Trial of demonstrator involved in 2021 Halifax housing protest hears from police
Halifax police officers testified Tuesday that a 26-year-old woman pulled off one constable's medical mask and kicked two other officers as city workers removed a shelter for the homeless.
Defence lawyer Asaf Rashid said the case against Natasha Danais is the first of four scheduled trials related to the Aug. 18, 2021, demonstration in front of the former Halifax public library. About two dozen people were arrested during that protest, which saw police pepper-spray some demonstrators. There were also scenes of chaotic pushing, with water bottles hurled toward police.
Danais is facing one charge of obstructing police and three charges of assaulting officers in the trial before provincial court Judge Kelly Serbu.
The protest erupted the day after the election of Premier Tim Houston's Progressive Conservative government, as the issue of low-income housing shortages was heating up in the city. City council had recently adopted a bylaw ordering the removal of tents and sheds that had been popping up around Halifax to shelter homeless people.
Teams of municipal workers had arrived at the scene on Aug. 18, 2021, to dismantle temporary wooden shelters that been erected in front of the former city library.
Video presented in court Tuesday showed police forming a semicircle around the workers to protect them, as housing-rights protesters tried to prevent one of the shelters from being carried on a Bobcat loader to a waiting tractor-trailer. Cries of "hold the line!" and "move back!" could be heard on the video from police, along with chants of "Shame, shame" from the protesters as they pushed back.

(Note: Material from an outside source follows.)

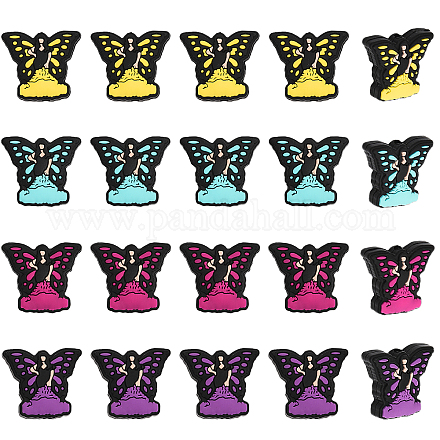 Chgcraft20pcs4色シリコンビーズ  DIYの看護ネックレスとブレスレット作り  チーターのための咀嚼ペンダント  蝶を持つ女性  ミックスカラー  24.5x28x9.7mm  穴：3mm  5個/カラー SIL-CA0002-49-1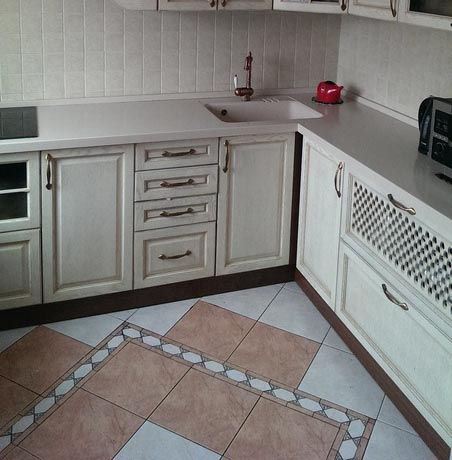 tile composition on the kitchen floor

Prosecutor Michael Coady called Halifax police Const. Conor Gillam, who had been among the officers trying to fend off the protesters in the park, to describe his arrest of Danais. Gillam testified that he was facing Danais when she pulled off his mask.
"At a point when we stopped moving and held our spot, she had grabbed onto my face mask that I was wearing and threw it off and stomped on it and proceeded to yell at me to 'put my mask back on,'" he told the court. He said Danais fell behind the police line amid the pushing, and at that point he was ordered to arrest her for obstruction.
He said he saw Danais's head bang against a police vehicle as she was being placed inside by two officers but added he couldn't see exactly how that happened.
During cross-examination, Gillam said he could not see Danais on the video grabbing his mask, but the officer said he believes she was the person who pulled it off him.
Later on Tuesday, Const. Chris DeLong testified that Danais kicked him in the thigh after she fell through the police line and landed on her back. He said he had a bruise about 13 centimetres in diameter the next day.
However, Rashid asked DeLong why video presented in court appeared to show him kicking Danais earlier in the protest, while she was on her feet, standing before him. The officer denied he kicked her; he said he was raising his knee upward in self-defence.
"If I had wanted to kick her it would have looked different than that," he told the defence lawyer.
Rashid suggested that video showed DeLong's left hand on Danais's throat as officers pushed the protesters back. The officer replied, "Definitely, I was pushing her back, yes," but DeLong didn't agree he was pushing on her throat.
In afternoon testimony,Const. Brian Palmeter — who had been standing behind the police line during the protest — told the court Danais had kicked him multiple times on his legs as she lay on her back, adding that one of her kicks aggravated an existing knee cartilage injury.
The court also heard testimony from Const. Amy Edwards, who dealt with Danais at the police station lockup. Edwards said she refused Danais's request for a blanket because the policy had been to reserve blankets for detainees who would be staying overnight, adding she thought Danais and other protesters would be released that day.
Edwards said there were delays in allowing the arrested protesters to use the sole telephone available to call a lawyer because police wanted to avoid interactions among the detainees.
Rashid is arguing for a stay of proceedings based on police treatment of his client during and following her arrest, saying she wasn't given proper access to legal advice.
The case is set to continue Wednesday with a Crown witness and one defence witness.